Law School Case Brief
Lucey v. Hero Int'l Corp. - 361 Mass. 569, 281 N.E.2d 266 (1972)
The authority to manage the business affairs of a corporation is primarily vested in its board of directors. Its president and treasurer, merely as the holders of those offices, have little or no inherent power to bind the corporation outside of a comparatively narrow circle of functions specially pertaining to their offices.
Defendant Hero International Corporation was the owner of a large tract of land in Richmond. In 1969, Defendant’s board of directors voted that the corporation sell the land to Plaintiff, John Lucey, and that Defendant's President, Henry Rose, be authorized to sign the deed and any other papers needed to effectuate the transfer. No other corporate vote on the matter was ever taken. On March 13, 1969, defendant conveyed to the plaintiff by warranty deed the five-acre parcel. The transaction was consummated by the defendant’s attorney. At that same meeting, the plaintiff executed a real estate sales agreement that granted plaintiff an option to purchase additional specified land belonging to the defendant. The agreement was mailed to Rose who, without consulting the other officers of the corporation, deleted from the option paragraph the specification of the land that the plaintiff had the option to buy. In August 1969, the plaintiff met Rose and told him that the defendant was obliged to sell to the plaintiff whatever portion of the defendant’s remaining land he wished to buy. No agreement was reached, whereupon Lucey commenced the present litigation. Defendant company appealed an interlocutory and final decree confirming a master’s report ordering it to convey land to the purchaser under the agreement.
Pursuant to the option granted to the plaintiff, did the defendant have the obligation to convey to the plaintiff whatever land the latter wished to buy?

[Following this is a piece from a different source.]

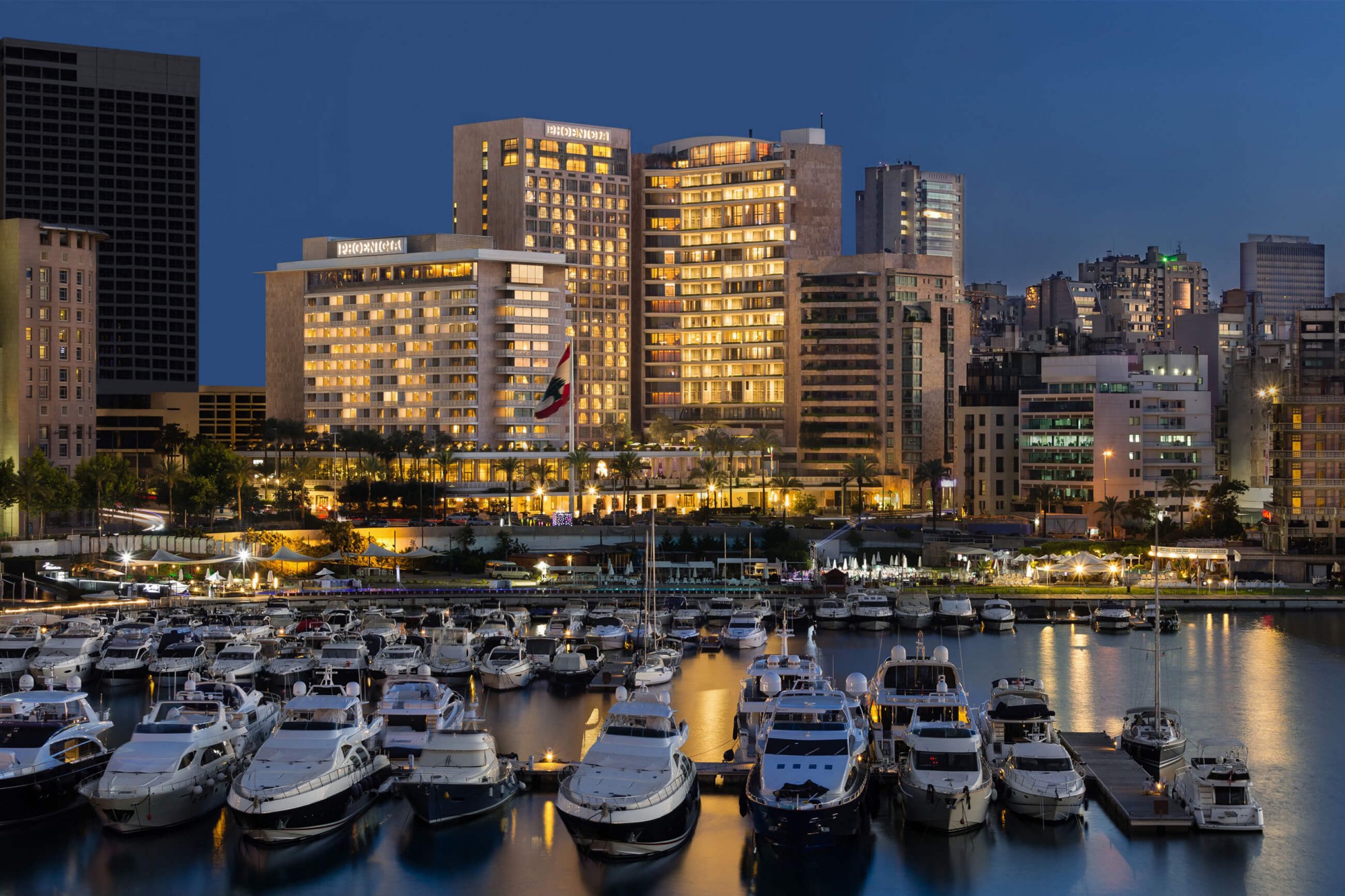 Využijte možnost luxusního ubytování v Intercontinental Phoenicia Beirut, hotelu, který je symbolem moderního Bejrútu. Výhled na zátoku Zaitunah. Moderní umění, historická budova, tradiční jídla.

The Court determined that the authorization given by the corporation’s board of directors did not confer upon Rose the authority to grant the plaintiff an option to purchase at a subsequent time additional land belonging to the defendant. According to the Court, since the authorizing instrument was the result of the formal corporate action taken at a duly called meeting of the corporation’s board of directors, the instrument can be assumed to spell out the intent of the principal accurately with a high degree of particularity. The Court averred that no express or implied authority was granted on the part of Rose to enter into the option agreement, and neither did the corporation ratify the option. Furthermore, the Court held that an agreement giving an option to purchase land “as mutually agreed upon by both parties” was too indefinite to be specially enforced because it did not contain a sufficient description of the land subject to the option but instead left the location for future negotiation.